> Task directions
Type the data below again exactly. Omit all pictures.

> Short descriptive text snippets

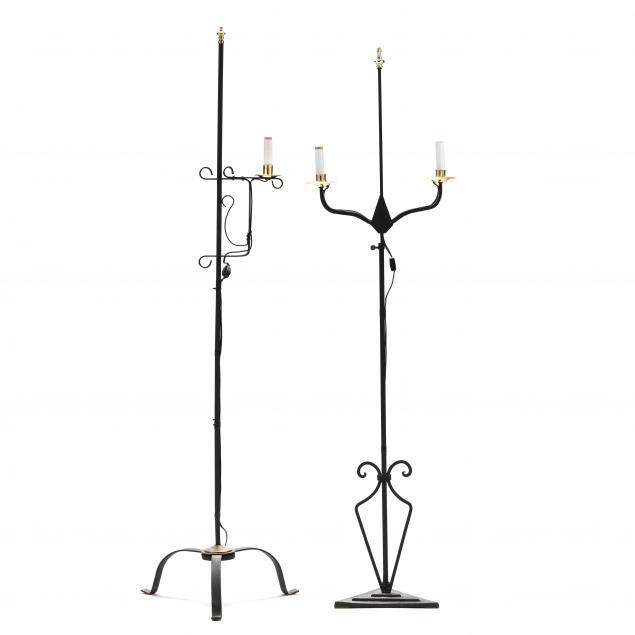 Two 18th Century Style Floor Lamps (Lot 370 - The New Year's Estate ...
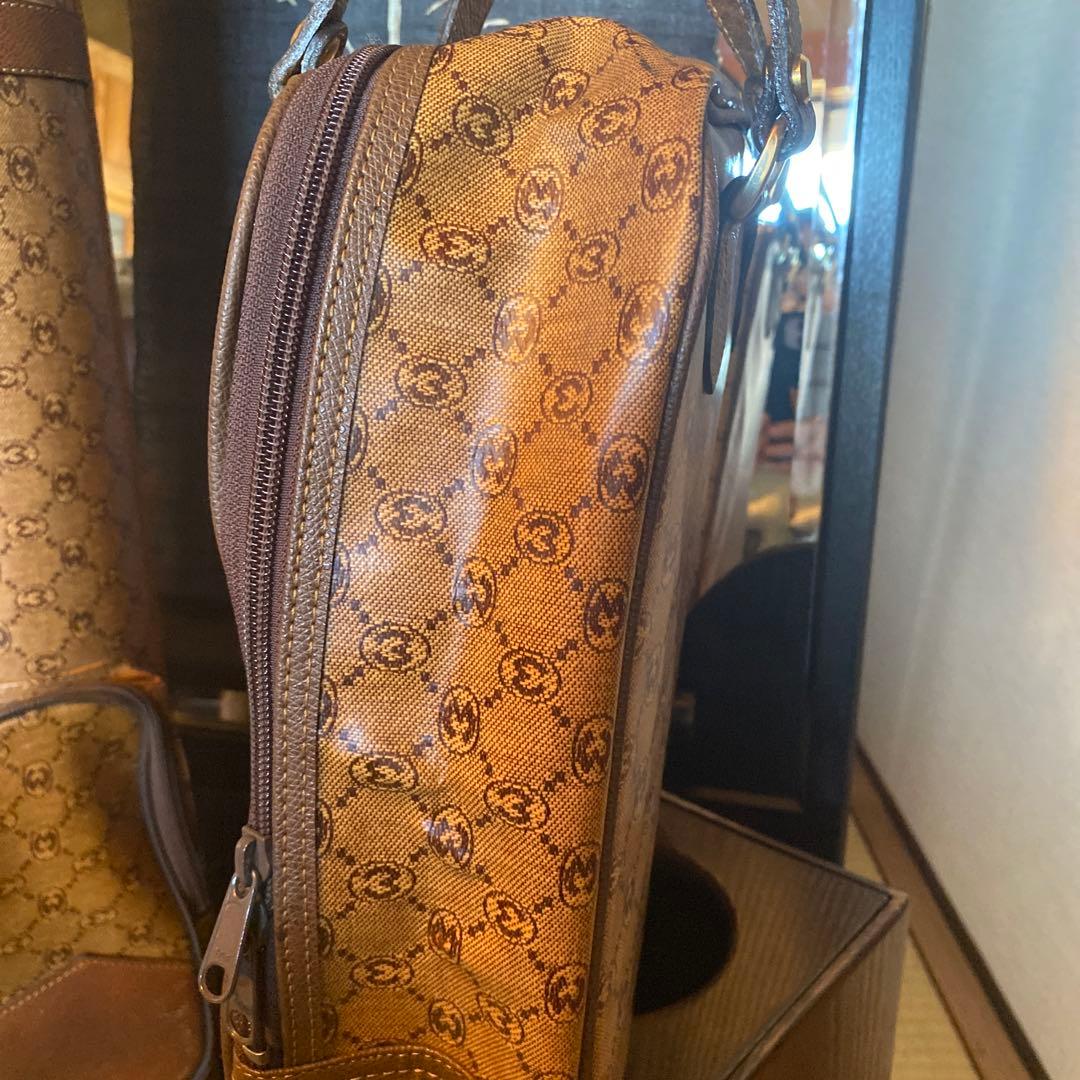 ヤナセ購入珍品ゴルフケース、シューズケース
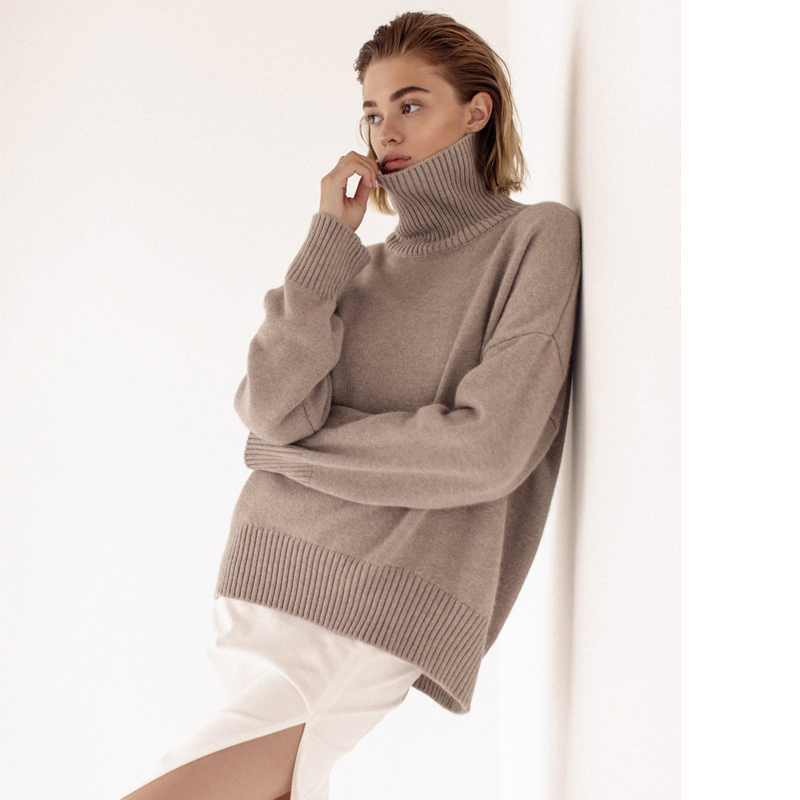 Viscose High Collar Sweater &ndash; Loose Fit &amp; Versatile Design in 6+ Fashionable Colors, No Quantity Limited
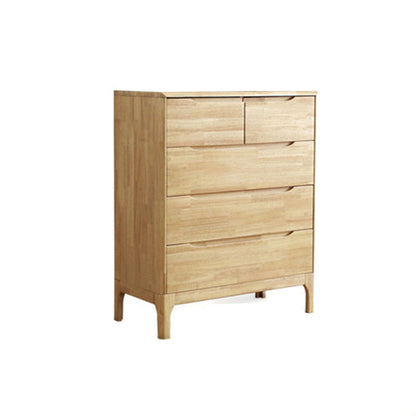 16 "W massief hout opbergkist Moderne opbergkast dressoir met laden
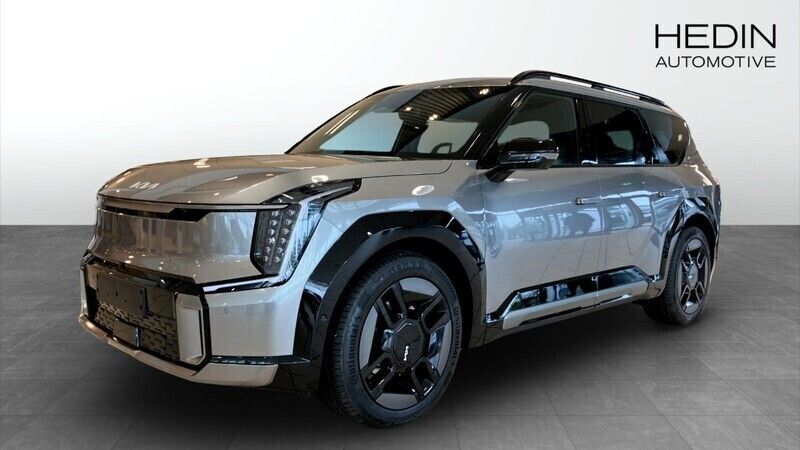 Grå (grey) Ny 2025 Kia EV9 3 SUV | 877 900 kr (Lite dyr) - Bild 1/4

> Reply
 Two 18th Century Style Floor Lamps (Lot 370 - The New Year's Estate ...
 ヤナセ購入珍品ゴルフケース、シューズケース
 Viscose High Collar Sweater &ndash; Loose Fit &amp; Versatile Design in 6+ Fashionable Colors, No Quantity Limited
 16 "W massief hout opbergkist Moderne opbergkast dressoir met laden
 Grå (grey) Ny 2025 Kia EV9 3 SUV | 877 900 kr (Lite dyr) - Bild 1/4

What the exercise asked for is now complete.